HOW TO COMPLETE THIS TASK
With pictures left out, output exactly the lines of the listing below from the line that has "A man using a computer wit multiple monitors" to the line that has "showroom store concept", both lines kept.

RECORDS FOR THE EXERCISE
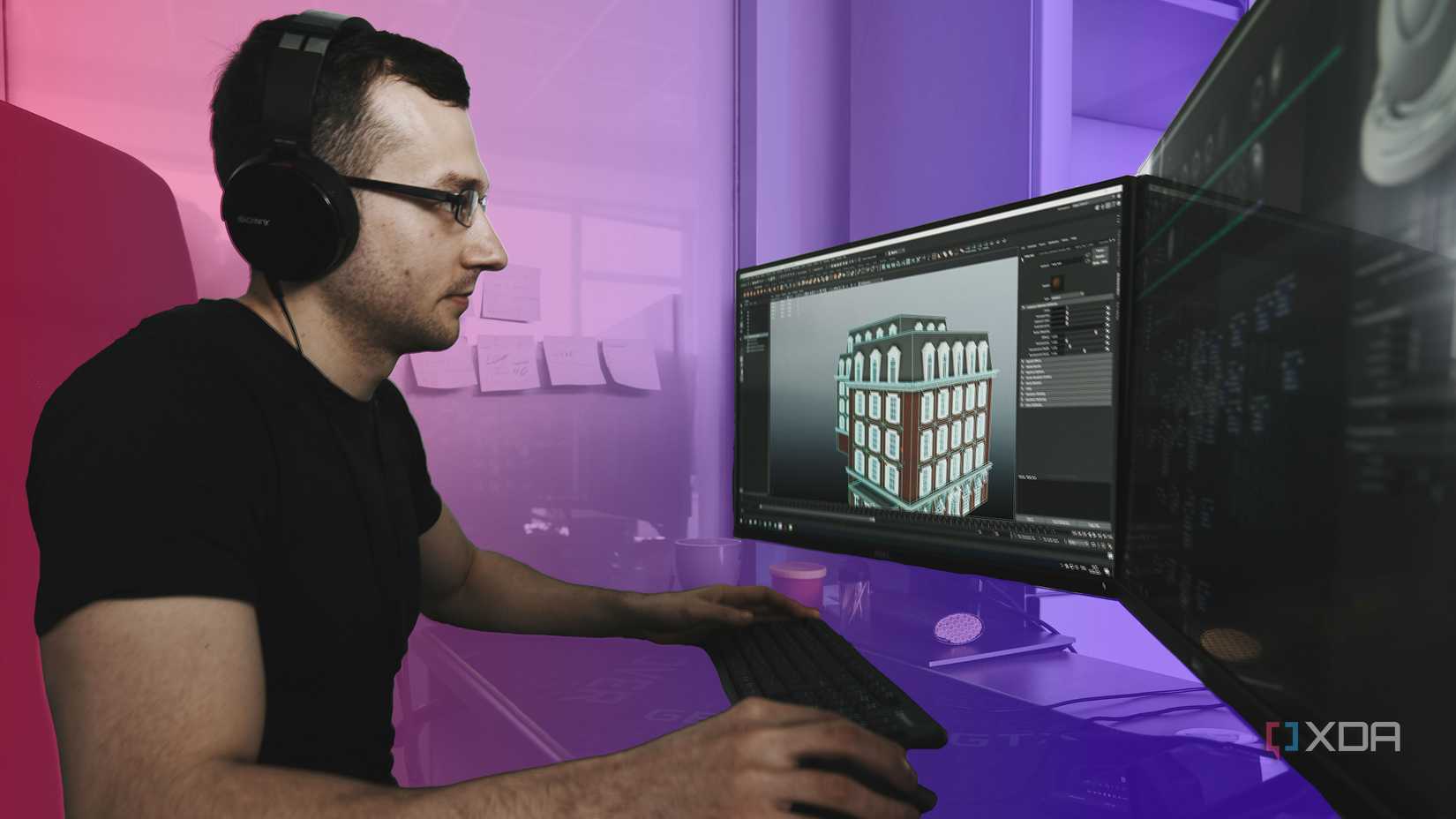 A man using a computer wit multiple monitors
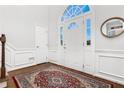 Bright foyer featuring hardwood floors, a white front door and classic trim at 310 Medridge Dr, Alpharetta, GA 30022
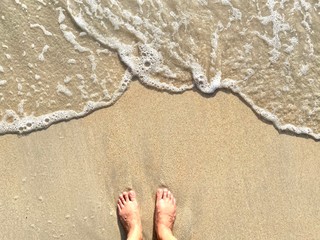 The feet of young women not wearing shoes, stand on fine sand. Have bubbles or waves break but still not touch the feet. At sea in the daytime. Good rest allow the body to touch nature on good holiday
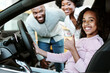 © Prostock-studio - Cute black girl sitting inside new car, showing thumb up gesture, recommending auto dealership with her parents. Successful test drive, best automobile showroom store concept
--
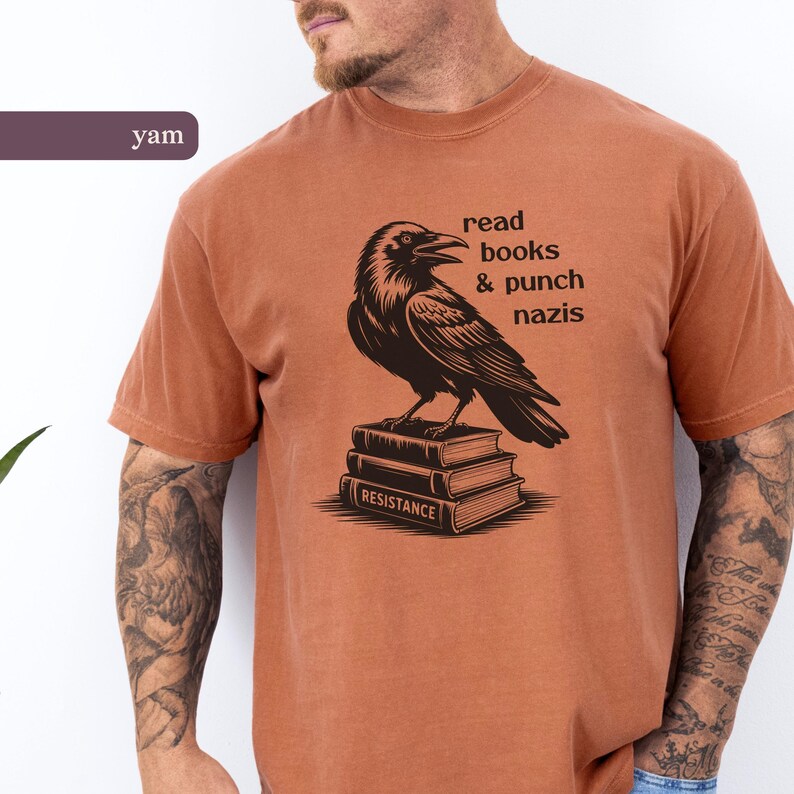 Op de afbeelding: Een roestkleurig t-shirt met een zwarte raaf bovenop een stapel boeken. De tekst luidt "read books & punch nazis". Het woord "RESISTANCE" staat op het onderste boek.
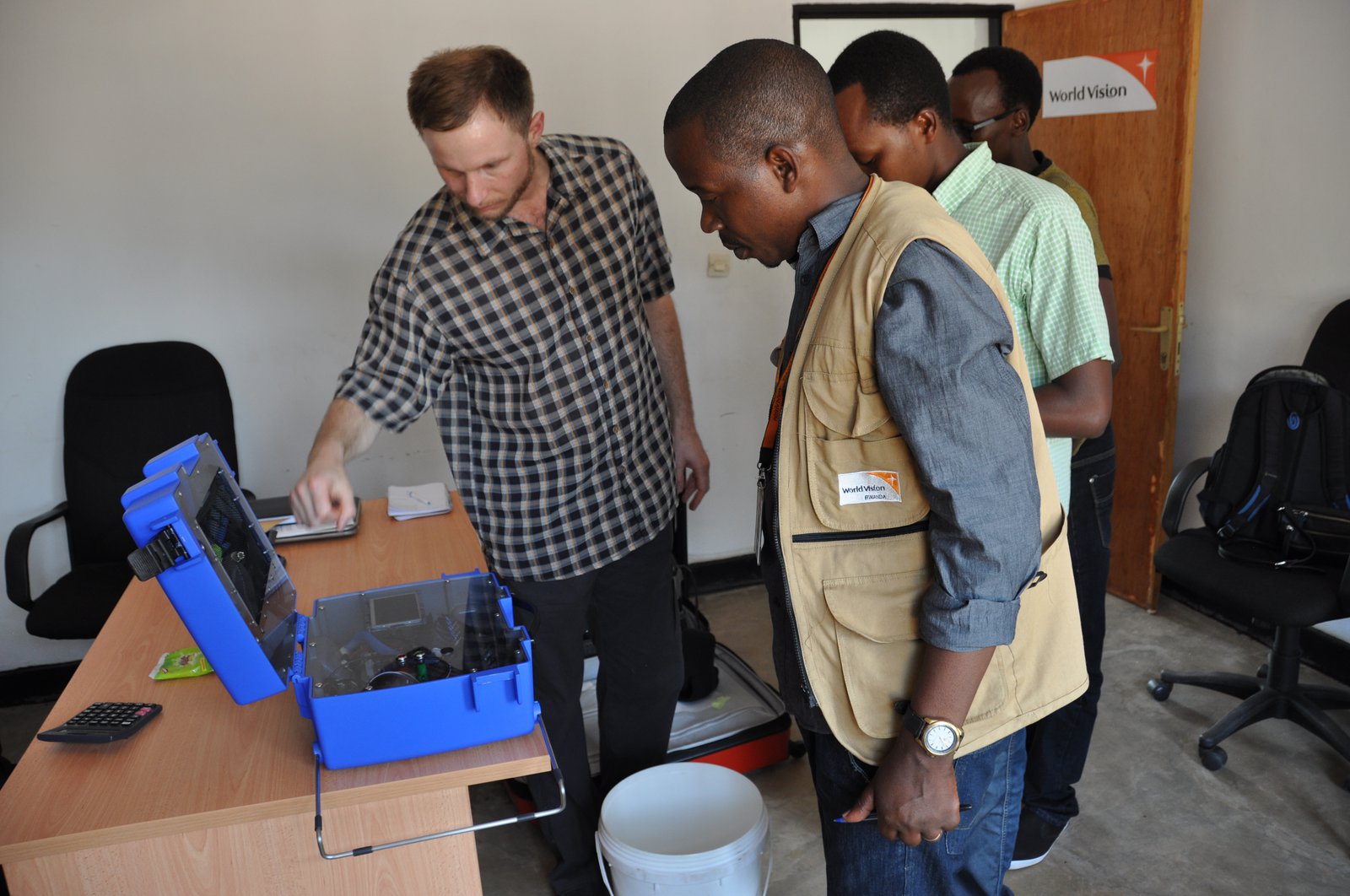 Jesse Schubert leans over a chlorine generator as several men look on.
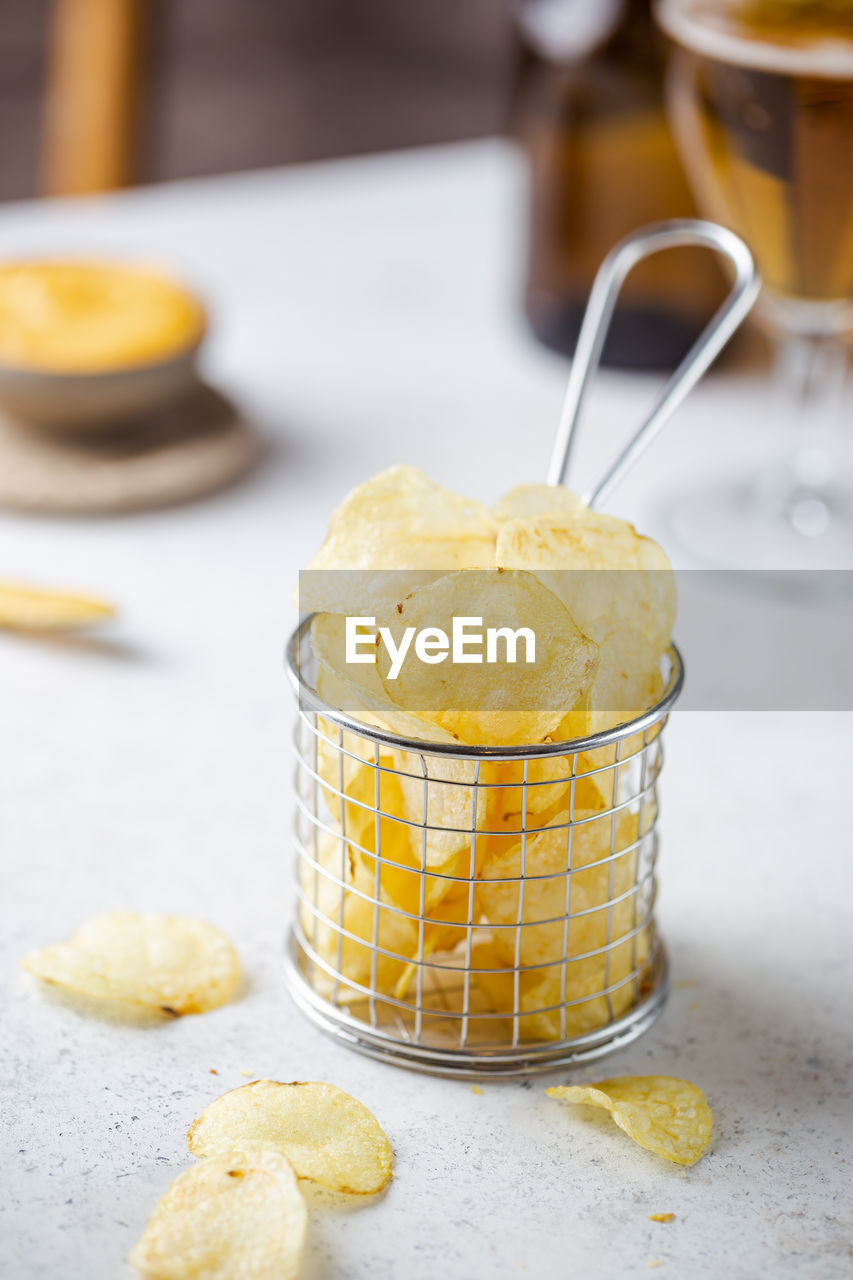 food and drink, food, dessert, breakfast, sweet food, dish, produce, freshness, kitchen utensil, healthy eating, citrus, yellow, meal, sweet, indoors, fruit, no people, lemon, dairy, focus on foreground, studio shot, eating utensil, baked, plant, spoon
---
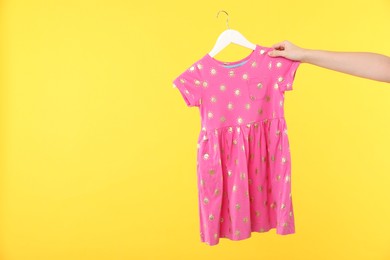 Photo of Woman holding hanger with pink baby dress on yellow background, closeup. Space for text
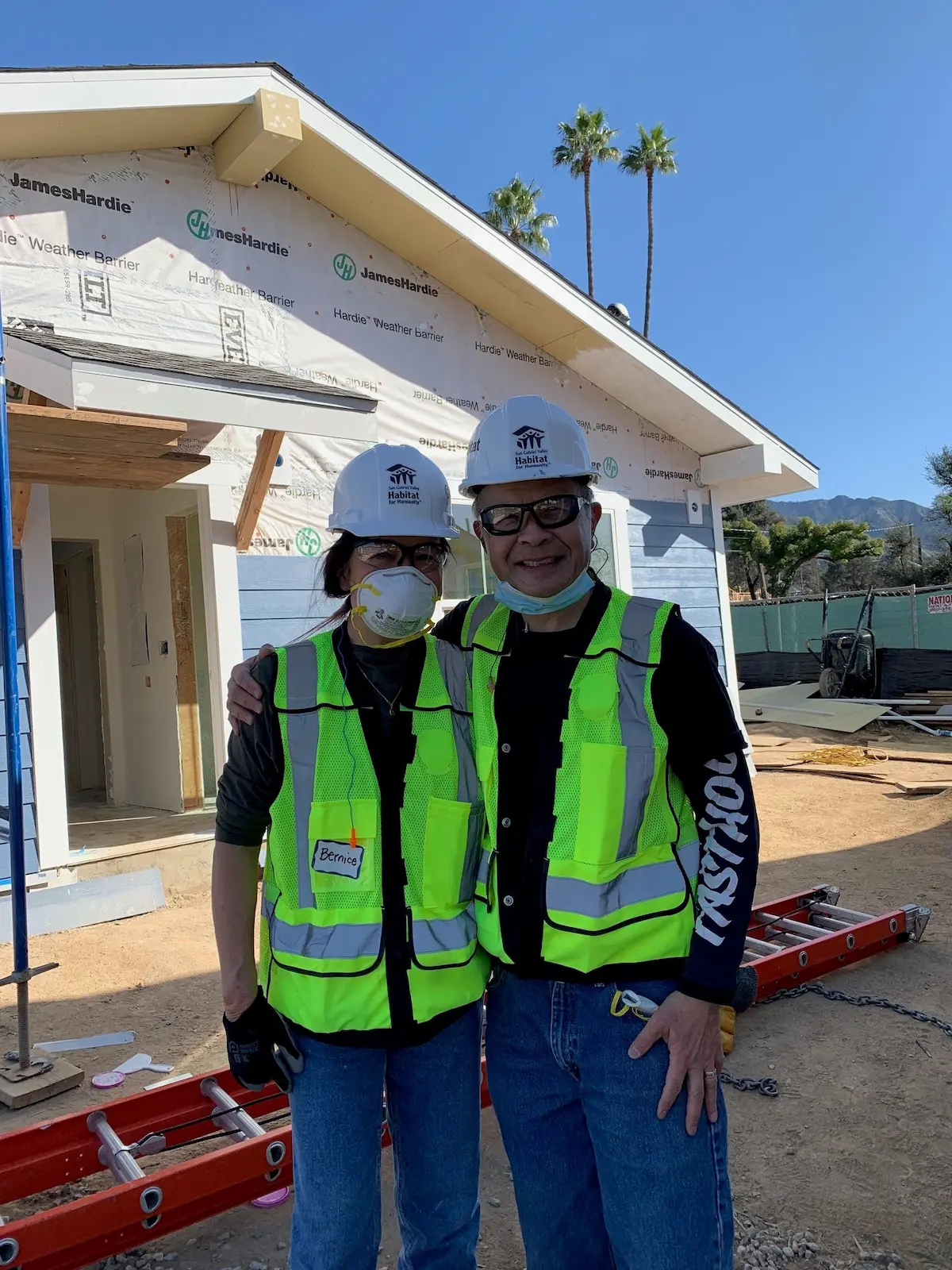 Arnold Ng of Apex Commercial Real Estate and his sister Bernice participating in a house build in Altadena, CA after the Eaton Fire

WRITTEN SOLUTION
 A man using a computer wit multiple monitors
 Bright foyer featuring hardwood floors, a white front door and classic trim at 310 Medridge Dr, Alpharetta, GA 30022
 The feet of young women not wearing shoes, stand on fine sand. Have bubbles or waves break but still not touch the feet. At sea in the daytime. Good rest allow the body to touch nature on good holiday
 © Prostock-studio - Cute black girl sitting inside new car, showing thumb up gesture, recommending auto dealership with her parents. Successful test drive, best automobile showroom store concept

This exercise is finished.